■ **Work to be completed**:
Beginning with the line where "structure, Wood truss" appears, set down each line exactly until the records below end, and omit the pictures.
+++ Material supplied +++
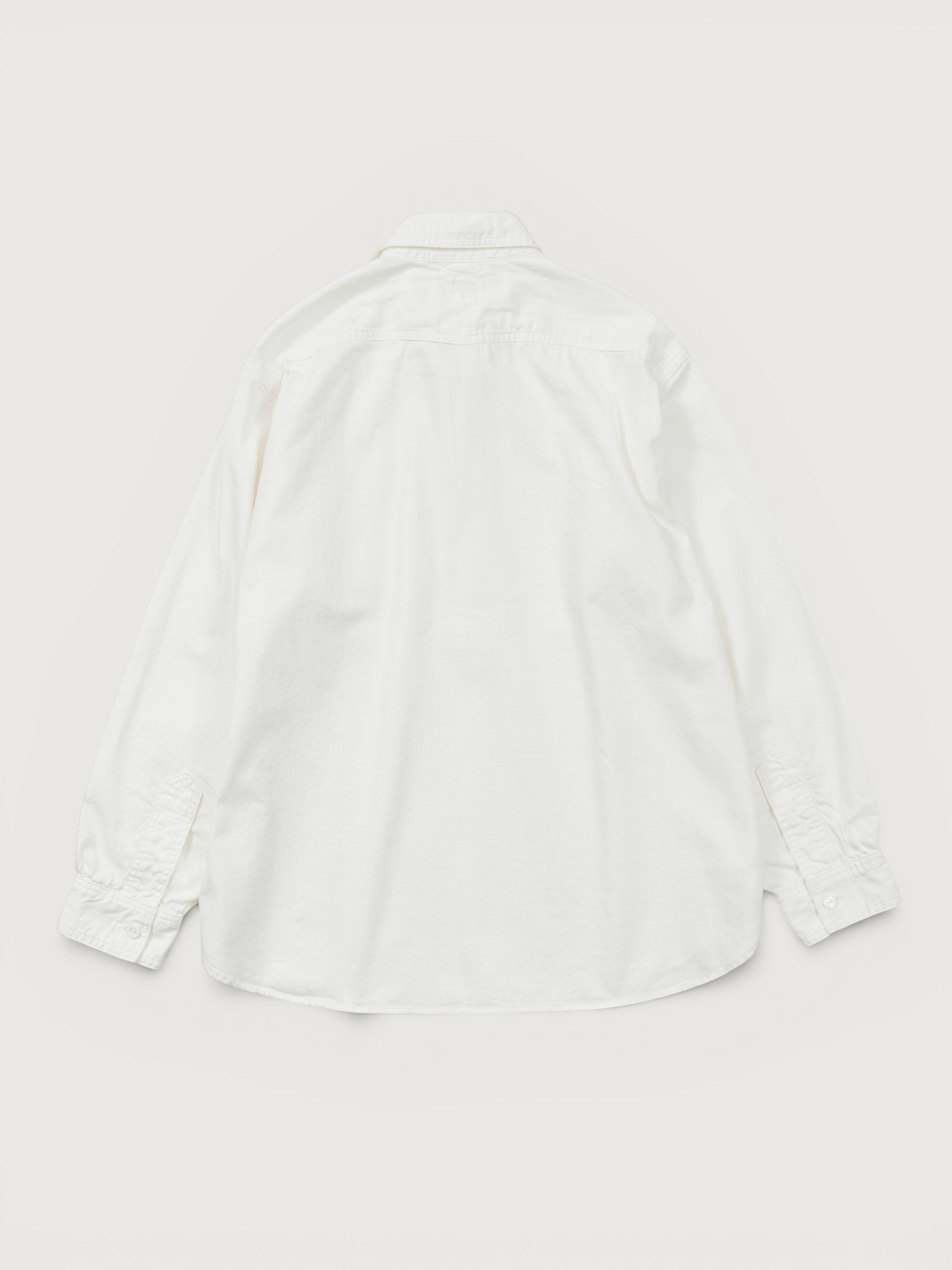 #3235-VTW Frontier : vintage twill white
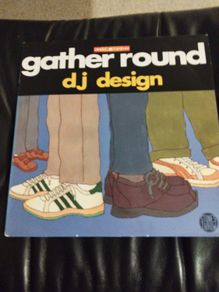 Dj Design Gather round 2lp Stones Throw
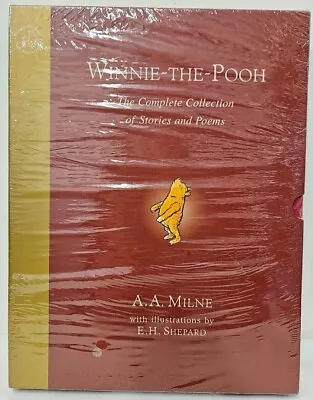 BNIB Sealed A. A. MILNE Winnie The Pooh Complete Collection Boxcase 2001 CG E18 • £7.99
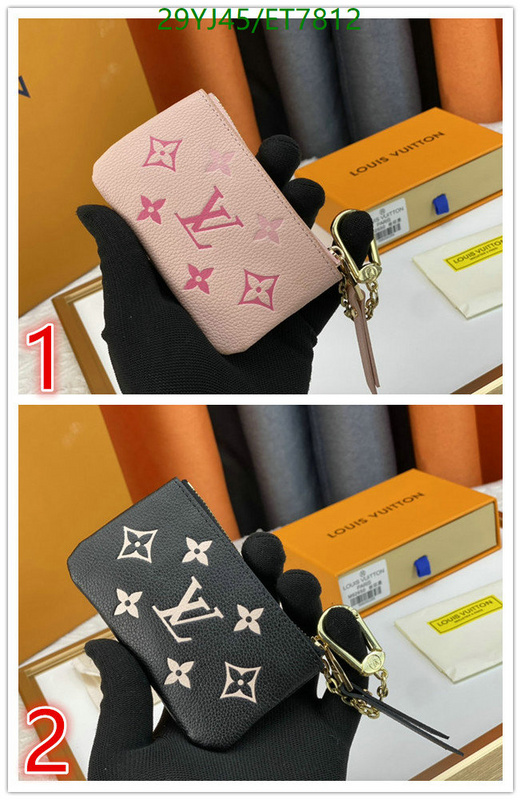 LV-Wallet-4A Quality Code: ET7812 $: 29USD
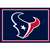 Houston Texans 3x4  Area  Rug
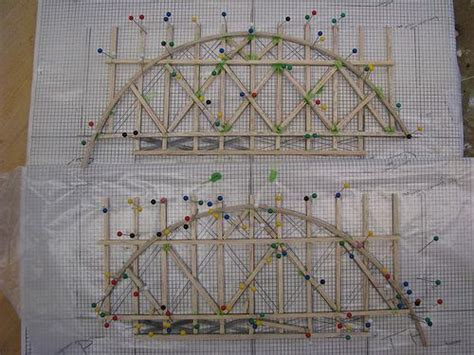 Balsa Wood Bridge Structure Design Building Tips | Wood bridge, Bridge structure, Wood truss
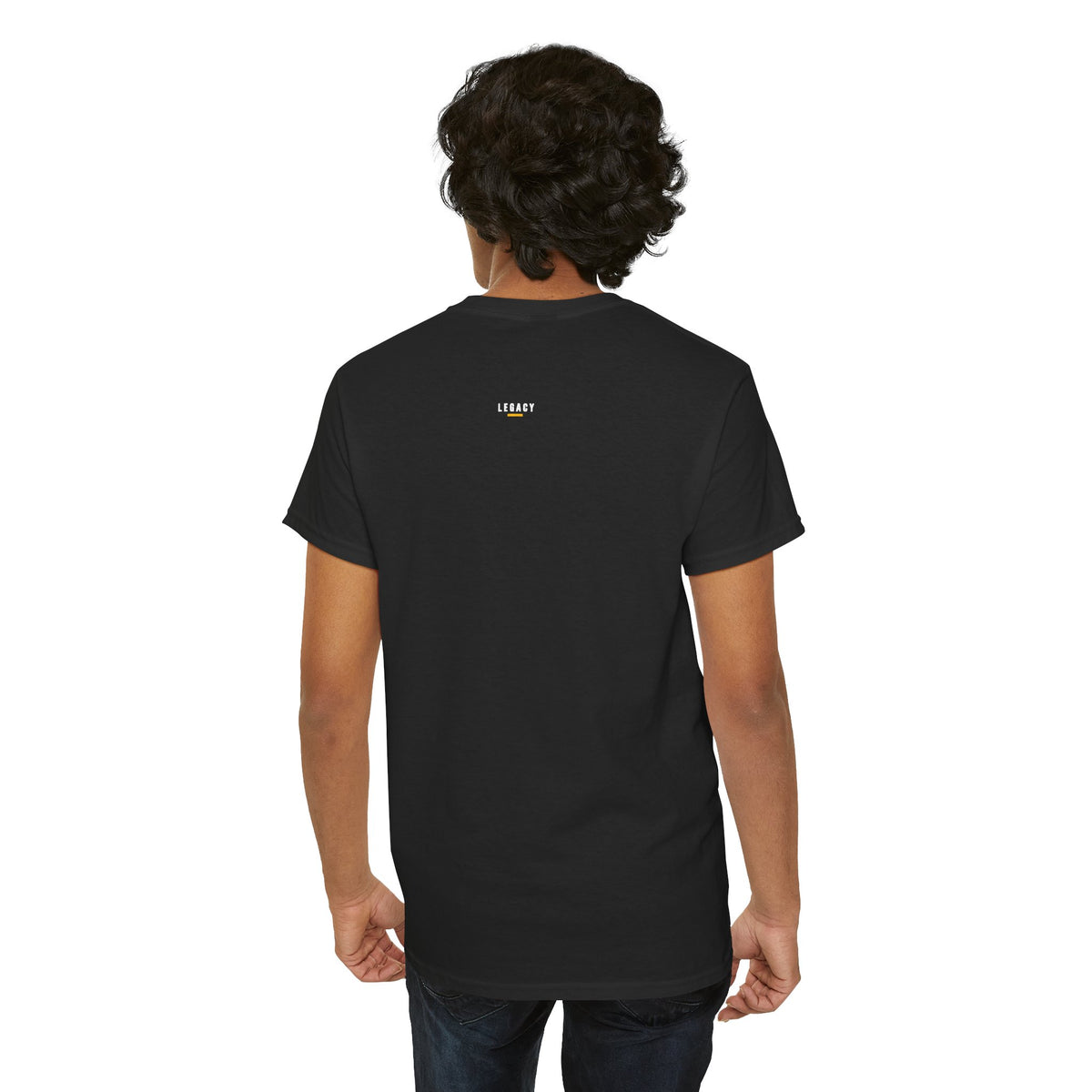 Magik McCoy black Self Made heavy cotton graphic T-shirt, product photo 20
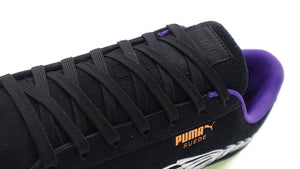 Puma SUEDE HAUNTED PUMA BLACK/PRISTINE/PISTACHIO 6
+++
■ **Solution to the exercise**:
 Balsa Wood Bridge Structure Design Building Tips | Wood bridge, Bridge structure, Wood truss
 Magik McCoy black Self Made heavy cotton graphic T-shirt, product photo 20
 Puma SUEDE HAUNTED PUMA BLACK/PRISTINE/PISTACHIO 6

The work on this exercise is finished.